| Your objective |
Word for word, transcribe the data below from the line with "91家纺网 家纺一手货源 找家纺 锦眠床笠 2025新款刺绣床笠-学生图 奶油咖" to the line with "short-sleeved cotton T-shirt", keeping both of those lines.

| The data |
☆ ☆ ☆
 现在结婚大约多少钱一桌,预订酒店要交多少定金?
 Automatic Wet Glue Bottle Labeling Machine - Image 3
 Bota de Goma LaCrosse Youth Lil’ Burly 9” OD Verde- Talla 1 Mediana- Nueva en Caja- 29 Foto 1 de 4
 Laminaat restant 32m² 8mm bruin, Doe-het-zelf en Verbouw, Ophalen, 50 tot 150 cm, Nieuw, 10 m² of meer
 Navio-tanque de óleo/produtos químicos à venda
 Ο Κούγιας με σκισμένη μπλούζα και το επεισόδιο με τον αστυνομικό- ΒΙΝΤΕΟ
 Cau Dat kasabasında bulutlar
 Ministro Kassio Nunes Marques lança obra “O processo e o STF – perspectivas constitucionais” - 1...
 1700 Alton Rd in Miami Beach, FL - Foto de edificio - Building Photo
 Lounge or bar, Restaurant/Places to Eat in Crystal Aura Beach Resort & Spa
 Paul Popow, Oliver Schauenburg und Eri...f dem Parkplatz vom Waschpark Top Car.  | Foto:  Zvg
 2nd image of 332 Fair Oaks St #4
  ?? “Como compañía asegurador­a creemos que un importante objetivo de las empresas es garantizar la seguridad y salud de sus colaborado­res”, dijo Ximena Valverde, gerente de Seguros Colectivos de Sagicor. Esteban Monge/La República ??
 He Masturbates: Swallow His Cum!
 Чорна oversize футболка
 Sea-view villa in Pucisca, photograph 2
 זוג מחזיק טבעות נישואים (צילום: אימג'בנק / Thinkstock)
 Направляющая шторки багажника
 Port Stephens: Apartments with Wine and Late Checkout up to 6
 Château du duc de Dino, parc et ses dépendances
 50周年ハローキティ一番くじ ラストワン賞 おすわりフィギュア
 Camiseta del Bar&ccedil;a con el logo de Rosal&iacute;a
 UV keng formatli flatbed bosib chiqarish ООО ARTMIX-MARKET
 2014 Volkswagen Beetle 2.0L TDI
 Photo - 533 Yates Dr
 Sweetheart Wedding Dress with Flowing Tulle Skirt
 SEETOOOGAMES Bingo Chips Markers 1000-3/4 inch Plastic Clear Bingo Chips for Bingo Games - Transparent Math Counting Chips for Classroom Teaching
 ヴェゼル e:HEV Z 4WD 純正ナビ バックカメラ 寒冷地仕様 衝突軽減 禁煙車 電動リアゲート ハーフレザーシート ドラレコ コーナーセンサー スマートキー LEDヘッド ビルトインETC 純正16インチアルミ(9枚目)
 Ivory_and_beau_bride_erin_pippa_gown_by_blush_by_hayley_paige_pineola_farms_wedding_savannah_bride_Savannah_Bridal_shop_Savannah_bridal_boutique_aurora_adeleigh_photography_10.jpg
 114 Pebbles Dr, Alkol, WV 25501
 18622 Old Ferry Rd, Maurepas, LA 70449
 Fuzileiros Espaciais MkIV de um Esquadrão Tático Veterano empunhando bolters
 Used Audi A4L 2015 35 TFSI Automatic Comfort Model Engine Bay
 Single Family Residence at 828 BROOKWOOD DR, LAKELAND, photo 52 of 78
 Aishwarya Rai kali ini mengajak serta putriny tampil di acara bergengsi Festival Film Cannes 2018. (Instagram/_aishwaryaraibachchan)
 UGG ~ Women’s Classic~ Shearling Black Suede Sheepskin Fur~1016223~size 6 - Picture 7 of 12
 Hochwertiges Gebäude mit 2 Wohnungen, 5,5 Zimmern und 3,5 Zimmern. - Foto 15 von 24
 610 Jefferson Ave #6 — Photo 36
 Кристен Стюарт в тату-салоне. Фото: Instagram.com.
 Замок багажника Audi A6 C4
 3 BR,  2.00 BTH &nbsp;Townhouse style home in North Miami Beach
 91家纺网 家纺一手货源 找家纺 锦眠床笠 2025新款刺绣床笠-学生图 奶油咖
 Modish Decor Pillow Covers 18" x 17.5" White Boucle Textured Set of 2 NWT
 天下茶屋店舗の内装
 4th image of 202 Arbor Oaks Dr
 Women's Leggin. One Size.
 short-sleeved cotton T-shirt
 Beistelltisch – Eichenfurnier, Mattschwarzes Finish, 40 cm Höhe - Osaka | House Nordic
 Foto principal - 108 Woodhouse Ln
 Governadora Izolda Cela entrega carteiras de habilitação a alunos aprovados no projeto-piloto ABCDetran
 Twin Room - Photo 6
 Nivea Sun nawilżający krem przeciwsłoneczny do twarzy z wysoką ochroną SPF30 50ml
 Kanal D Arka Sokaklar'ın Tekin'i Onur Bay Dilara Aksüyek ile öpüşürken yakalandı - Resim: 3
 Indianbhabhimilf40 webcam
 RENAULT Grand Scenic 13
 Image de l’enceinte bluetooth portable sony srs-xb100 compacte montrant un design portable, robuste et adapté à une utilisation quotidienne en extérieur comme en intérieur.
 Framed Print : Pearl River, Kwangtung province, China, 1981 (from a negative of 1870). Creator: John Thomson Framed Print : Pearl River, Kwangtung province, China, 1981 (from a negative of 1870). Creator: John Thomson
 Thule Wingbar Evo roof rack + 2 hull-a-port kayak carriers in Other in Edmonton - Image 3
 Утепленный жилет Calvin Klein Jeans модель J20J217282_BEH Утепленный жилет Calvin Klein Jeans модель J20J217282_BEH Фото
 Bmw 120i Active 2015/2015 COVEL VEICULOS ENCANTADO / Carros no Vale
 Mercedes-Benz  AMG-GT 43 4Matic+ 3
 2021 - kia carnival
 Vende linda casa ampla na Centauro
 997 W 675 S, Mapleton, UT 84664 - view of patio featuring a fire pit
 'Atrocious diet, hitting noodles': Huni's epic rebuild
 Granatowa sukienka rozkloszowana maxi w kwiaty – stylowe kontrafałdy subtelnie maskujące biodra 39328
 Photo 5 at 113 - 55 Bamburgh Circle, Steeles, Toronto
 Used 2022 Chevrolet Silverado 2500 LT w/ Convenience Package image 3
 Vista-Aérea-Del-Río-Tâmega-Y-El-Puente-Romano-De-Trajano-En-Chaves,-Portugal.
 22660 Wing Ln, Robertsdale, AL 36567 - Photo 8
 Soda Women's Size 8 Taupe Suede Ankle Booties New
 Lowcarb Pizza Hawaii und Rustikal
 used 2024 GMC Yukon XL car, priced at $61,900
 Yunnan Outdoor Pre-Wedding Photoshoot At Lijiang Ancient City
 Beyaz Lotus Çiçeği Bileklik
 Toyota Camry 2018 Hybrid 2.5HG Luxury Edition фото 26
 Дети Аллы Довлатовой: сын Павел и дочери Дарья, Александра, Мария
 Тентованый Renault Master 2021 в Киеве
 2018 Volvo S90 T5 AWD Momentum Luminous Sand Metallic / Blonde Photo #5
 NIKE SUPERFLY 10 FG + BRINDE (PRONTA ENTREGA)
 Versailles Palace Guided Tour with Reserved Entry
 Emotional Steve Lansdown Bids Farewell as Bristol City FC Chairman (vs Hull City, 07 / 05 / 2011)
☆ ☆ ☆
| Task response |
 91家纺网 家纺一手货源 找家纺 锦眠床笠 2025新款刺绣床笠-学生图 奶油咖
 Modish Decor Pillow Covers 18" x 17.5" White Boucle Textured Set of 2 NWT
 天下茶屋店舗の内装
 4th image of 202 Arbor Oaks Dr
 Women's Leggin. One Size.
 short-sleeved cotton T-shirt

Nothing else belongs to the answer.